Return nothing but the lines from the line with "Protector de Dedos" through the last line of the entries that follow, copied exactly and free of pictures.

**Items from a dataset**
* * * * * * *

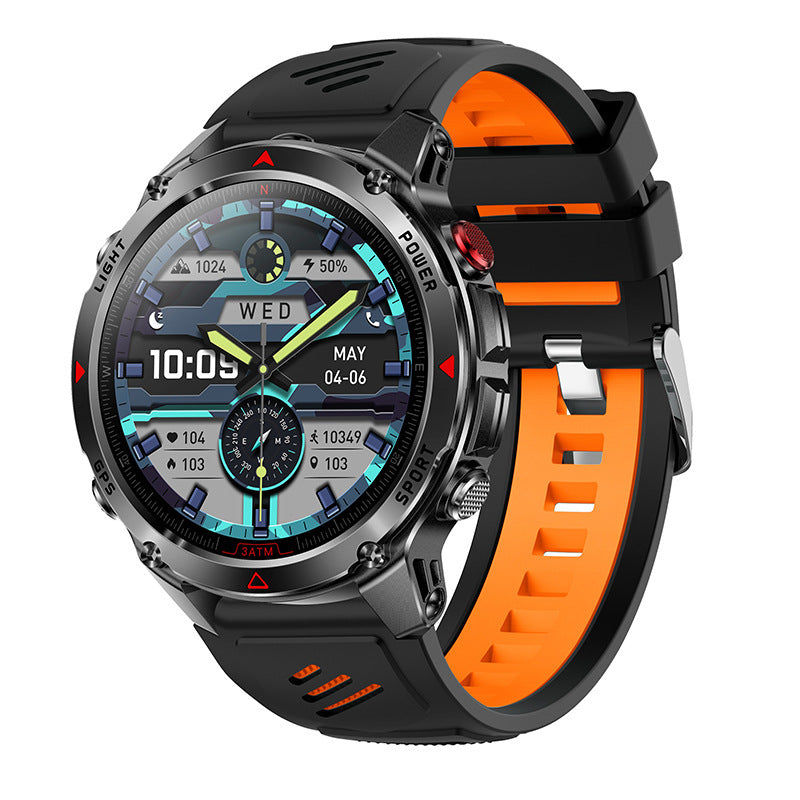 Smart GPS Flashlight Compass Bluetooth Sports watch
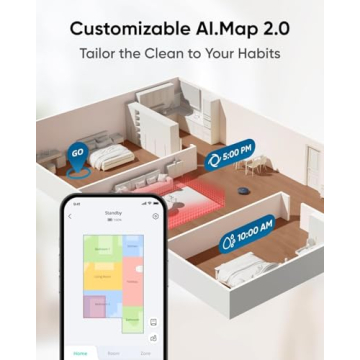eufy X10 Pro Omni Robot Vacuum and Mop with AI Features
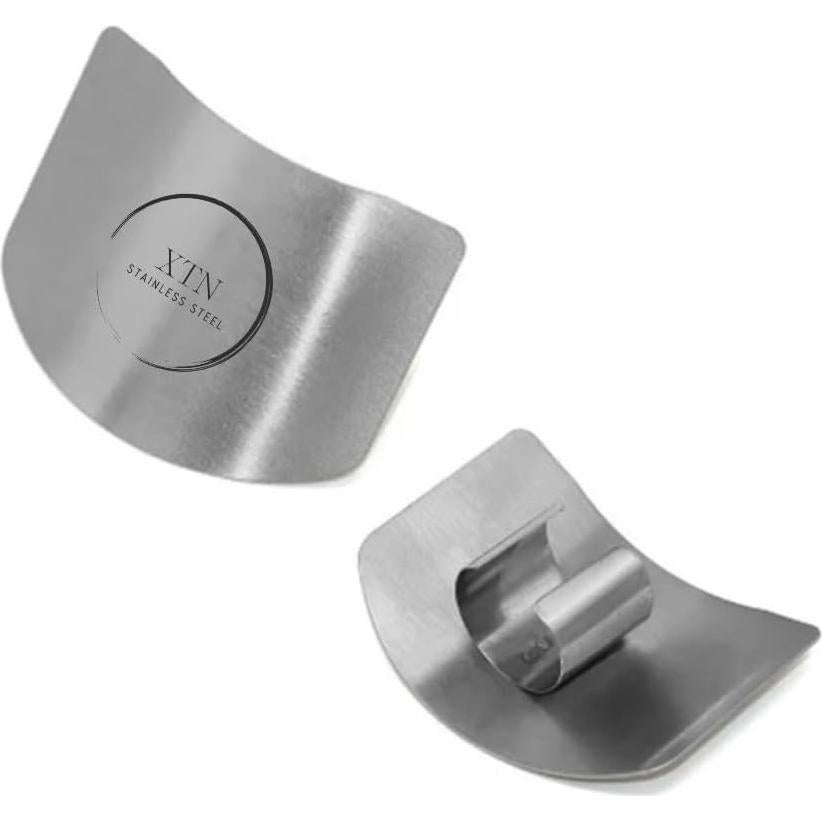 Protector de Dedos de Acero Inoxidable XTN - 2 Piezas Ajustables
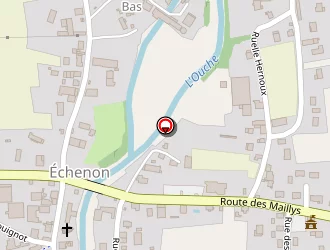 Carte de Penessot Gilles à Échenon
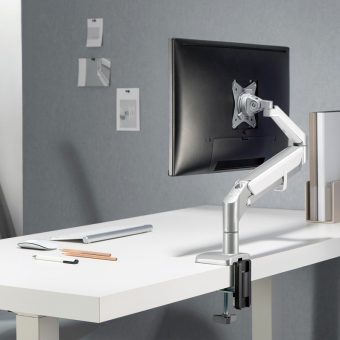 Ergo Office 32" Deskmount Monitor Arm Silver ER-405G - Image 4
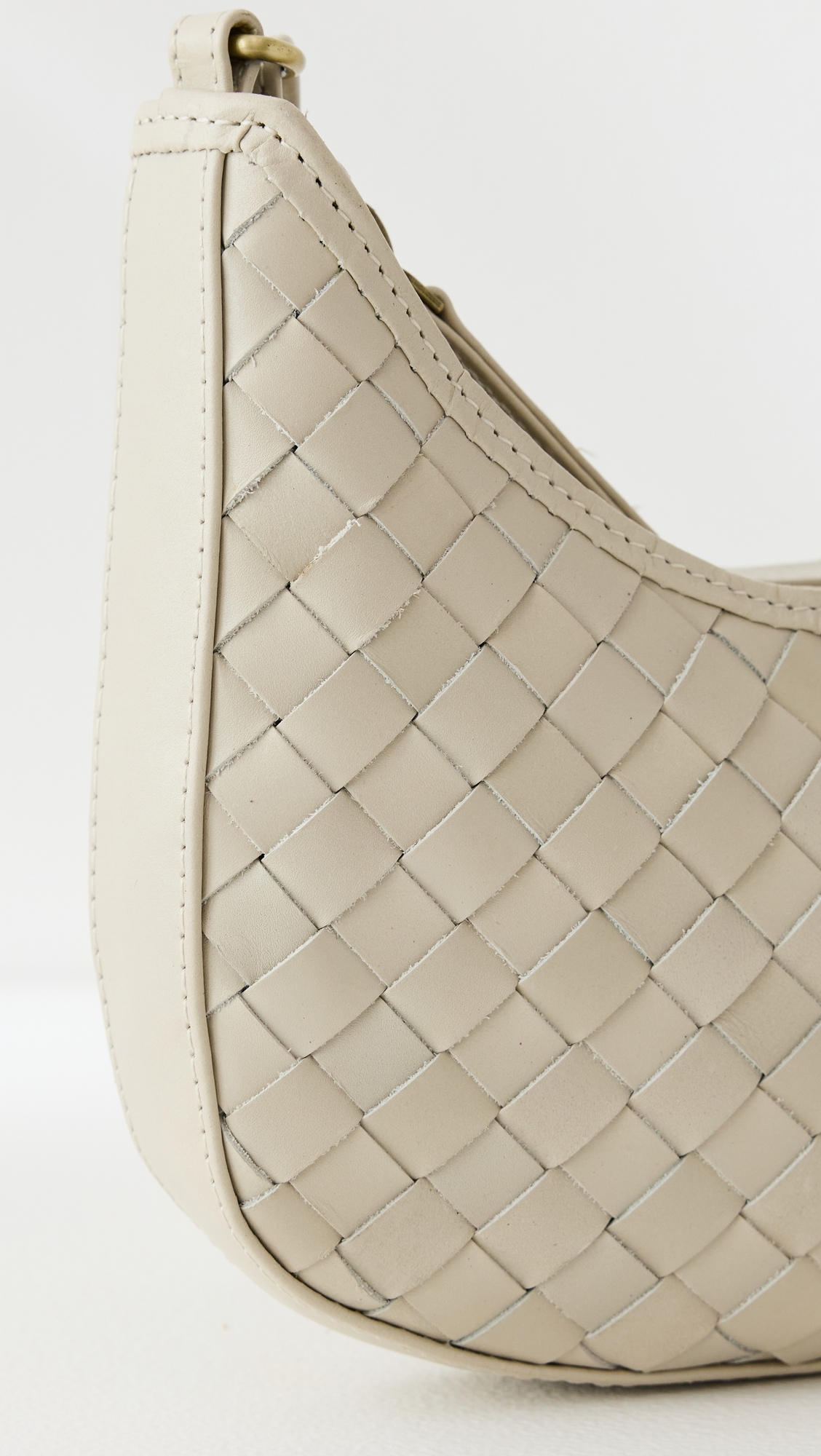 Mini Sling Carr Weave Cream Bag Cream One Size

* * * * * * *

**WRITTEN RESPONSE**
 Protector de Dedos de Acero Inoxidable XTN - 2 Piezas Ajustables
 Carte de Penessot Gilles à Échenon
 Ergo Office 32" Deskmount Monitor Arm Silver ER-405G - Image 4
 Mini Sling Carr Weave Cream Bag Cream One Size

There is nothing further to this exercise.